» Problem description:
Below are some records. Return exactly the lines from the one containing "Personalize Letter R" through the one containing "Dendritic Agate Earrings", both included, and only those.

» Extracted material:
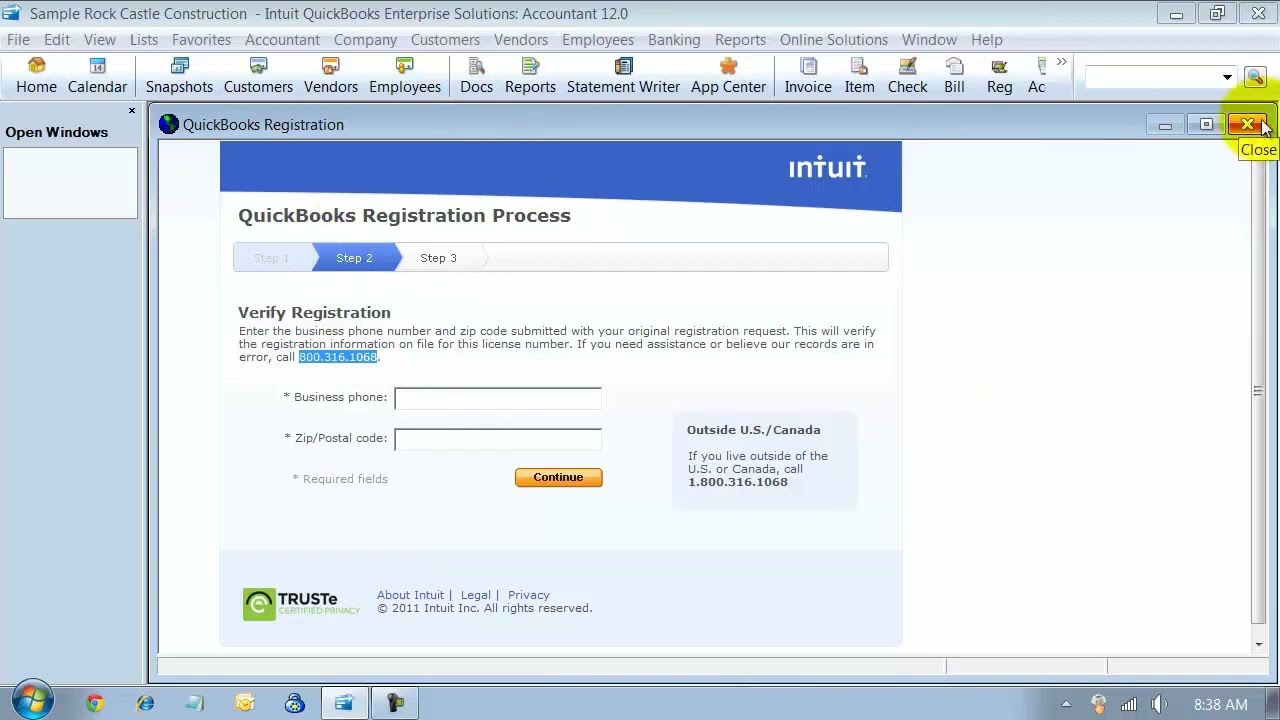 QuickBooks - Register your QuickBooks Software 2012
---
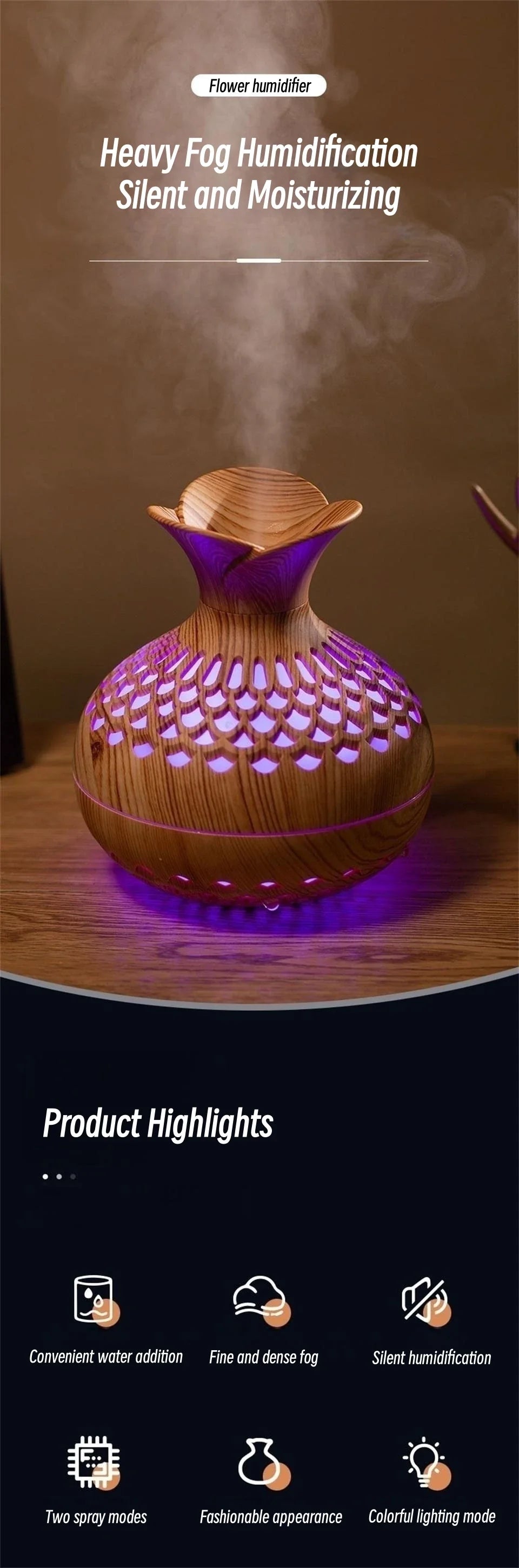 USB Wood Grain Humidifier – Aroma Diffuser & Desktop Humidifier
--
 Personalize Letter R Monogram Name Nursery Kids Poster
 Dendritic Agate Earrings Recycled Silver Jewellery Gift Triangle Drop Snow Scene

» Your solution:
 Personalize Letter R Monogram Name Nursery Kids Poster
 Dendritic Agate Earrings Recycled Silver Jewellery Gift Triangle Drop Snow Scene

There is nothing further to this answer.